Non, le Tour, quai de la Tournelle, pour le bouquiniste astucieux ou cultivé, c'est juste l'occasion de desserrer un peu les cale-pieds. De changer de braquet. De montrer que, côté vélo, il en connaît, lui aussi, un ...rayon.
D'abord, dans son équipe à lui, avec ou sans dossard, en tout cas sans sponsor, ils sont tous là. Les historiques: Albert Londres, Tristan Bernard, Antoine Blondin, Pierre Mac Orlan, Colette. Mais aussi Louis Nucéra, Mes rayons de soleil , Bernard Chambaz, A mon tour, Eric Fottorino, Je pars demain, Christian Laborde, L'Ange de la montagne, Paul Fournel, Besoin de vélo, et Philipe Delerm, La tranchée d'Arenberg.
Le Tour, côté exploits ou performances littéraires, c'est une manière de prolonger le plaisir et ces instants de bonheur. Solitaire ou partagé. Qui n'a jamais souffert dans l'Aspin, le Peyresourde our le Tourmalet, ne saura jamais cet étrange rapport entre la souffrance de l'élévation progressive vers le sommet et l'exigente rigueur à se faufiler dans le peloton des mots et des idées.
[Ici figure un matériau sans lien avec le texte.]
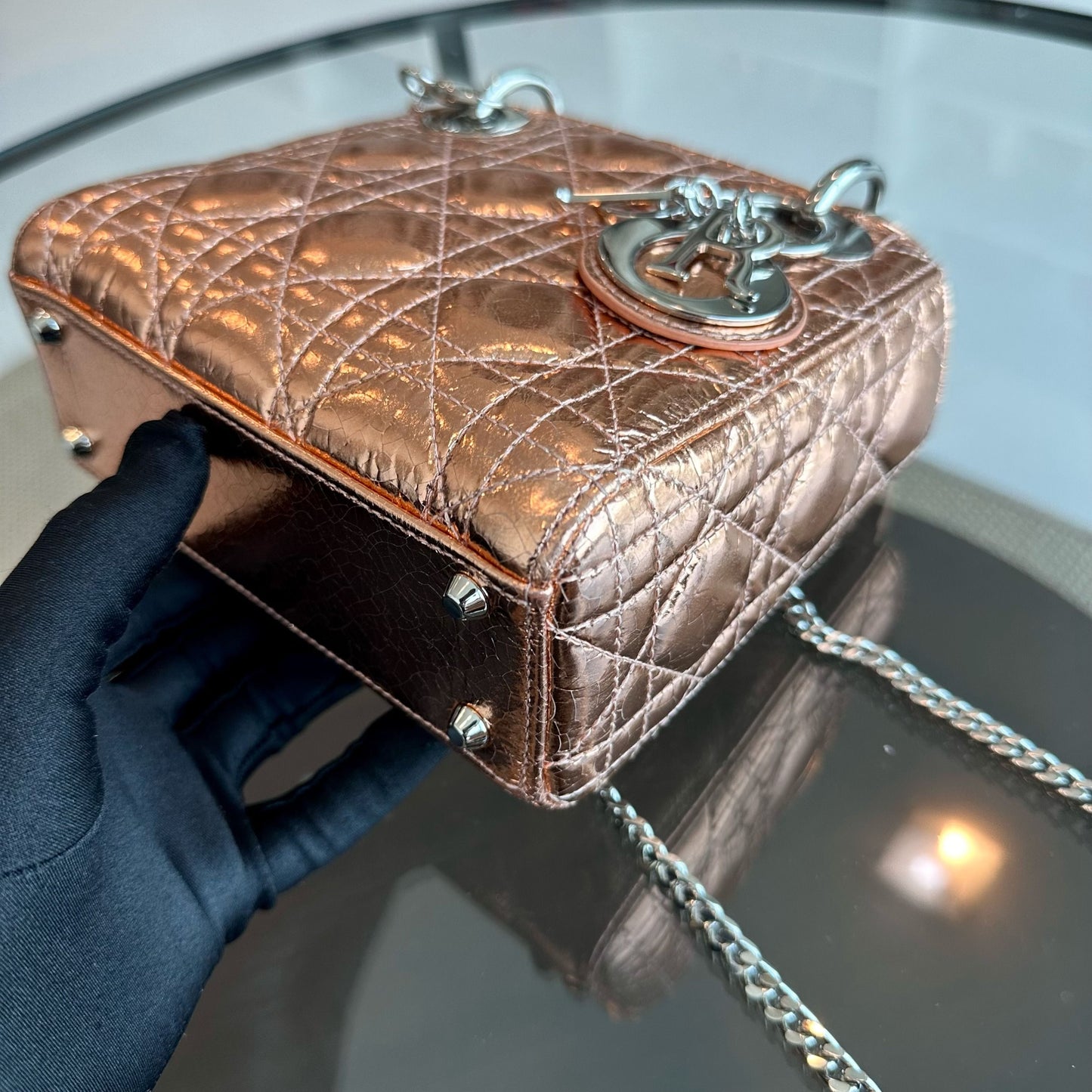 *Chain Strap* Lady Mini Metallic Cannage Rose Gold SHW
Extraits. Albert Londres. Les forçats de la route. 1924.
"Montdidier, arrêt, ravitaillement. Je m'approche du buffet. Je croyais que les géants allaient manger en paix et m'offrir un morceau... J'étais jeune... Ils foncent sur des sacs tout préparés, se jettent sur des bols de thé, m'écrasent les pieds, me pressent les flancs, crachent sur mon beau manteau et décampent...
"Ils ne font pas le Tour de France pour se promener, ainsi que j'aimais à l'imaginer, mais pour courir. Ils courent aujourd'hui jusqu'au Havre, sans vouloir respirer, tout comme s'ils y allaient quérir le médecin pour leur mère en grand danger de mort.
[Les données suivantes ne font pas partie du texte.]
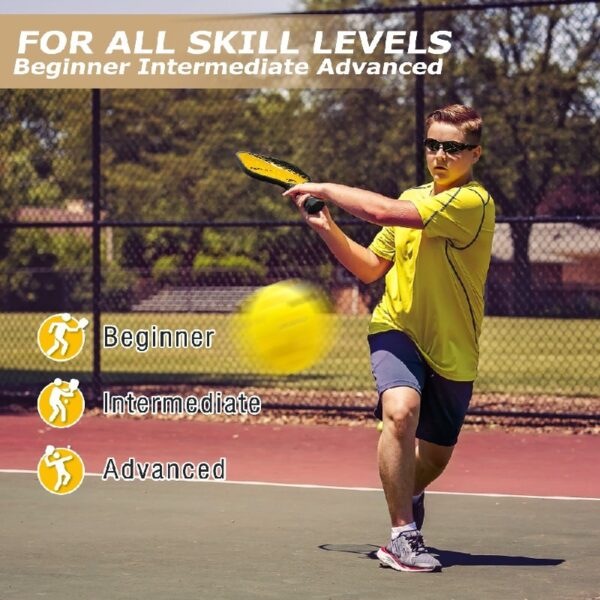 NFTIGB USAPA Certified Pickleball Paddles for Beginners, Family Play Set with 2 Rackets, 4 Balls, Easy-to-Use, Durable & Lightweight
"A Berteaucourt, je vois le premier géant couché sur le dos, au bord de la route. Si je ne vous dis pas son numéro, c'est que justement, il le porte sur le dos. Celui-là a déjà son compte !
"Flixecourt, la première côte. Puisque nous sommes aujourd'hui au premier jour, je tiens à vous présenter toutes les premières choses.
"Pour me venger du coup du buffet, je les ai dépassés et je les attends, non sans quelque sourire, au sommet de la rampe. Ils m'ont "eu" une fois de plus : si je n'ai rien avalé, eux ont avalé... la côte d'un seul coup."